Schutz und Förderung jüdischen Lebens
Xavier Bettel mit der Antisemitismusbeauftragten der EU-Kommission, Katarina von Schnurbein. Sie lobte Luxemburgs Entschuldigung für jüdisches Leid während der Nazi-Besatzung als „Beginn jeder Versöhnung“. Foto: Anouk Antony
„Ich habe mich 2015 im Parlament für das Leid entschuldigt, das der jüdischen Gemeinschaft angetan wurde. Meine Aussage, dass wir nicht alle Helden waren, hat den ein oder anderen schockiert und ich bekam nicht nur Lob dafür“, sagte Premierminister Xavier Bettel (DP) am Dienstag, als er den Plan d’action de lutte contre l’antisémitisme (Panas) vorstellte. „Aber auch das gehört zu unserer Geschichte – zu sagen, wir waren nicht alle Helden. Auch wir hatten Leute, die mitgemacht haben und wir sollten auch alle Facetten der Geschichte kennen.“
Der Panas ist im Abkommen vorgesehen, das die Regierung im Januar 2021 mit dem jüdischen Konsistorium Luxemburgs unterzeichnete und bei dem es um die offenen Fragen in Verbindung mit dem Raub jüdischen Eigentums während der Shoa geht. Und er wurde gemeinsam mit dem Konsistorium ausgearbeitet. Luxemburg reiht sich damit als elftes Land in die EU-Mitgliedsstaaten ein, die die Strategie der EU-Kommission zum Kampf gegen Antisemitismus aus dem Jahr 2021, konkret mit einem Aktionsplan umsetzen.

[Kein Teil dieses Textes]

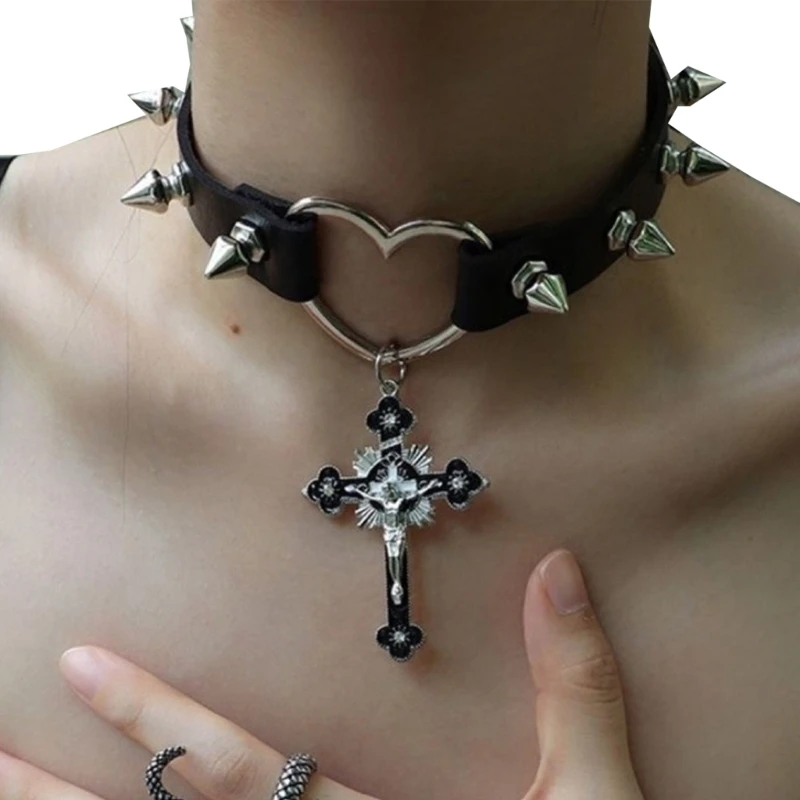 

Gothic Punk Faux Leather Choker Necklace Studded Rivet Aesthetic Heart Collar Jewelry with Pendant for Dropship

Luxemburg ist elftes Land mit Aktionsplan
Und so stand am Dienstag die Antisemitismusbeauftragte Katharina von Schnurbein an der Seite von Bettel. Sie wurde 2015 von der Juncker-Kommission zur Koordinatorin der Europäischen Kommission zur Bekämpfung von Antisemitismus und der Förderung jüdischen Lebens ernannt.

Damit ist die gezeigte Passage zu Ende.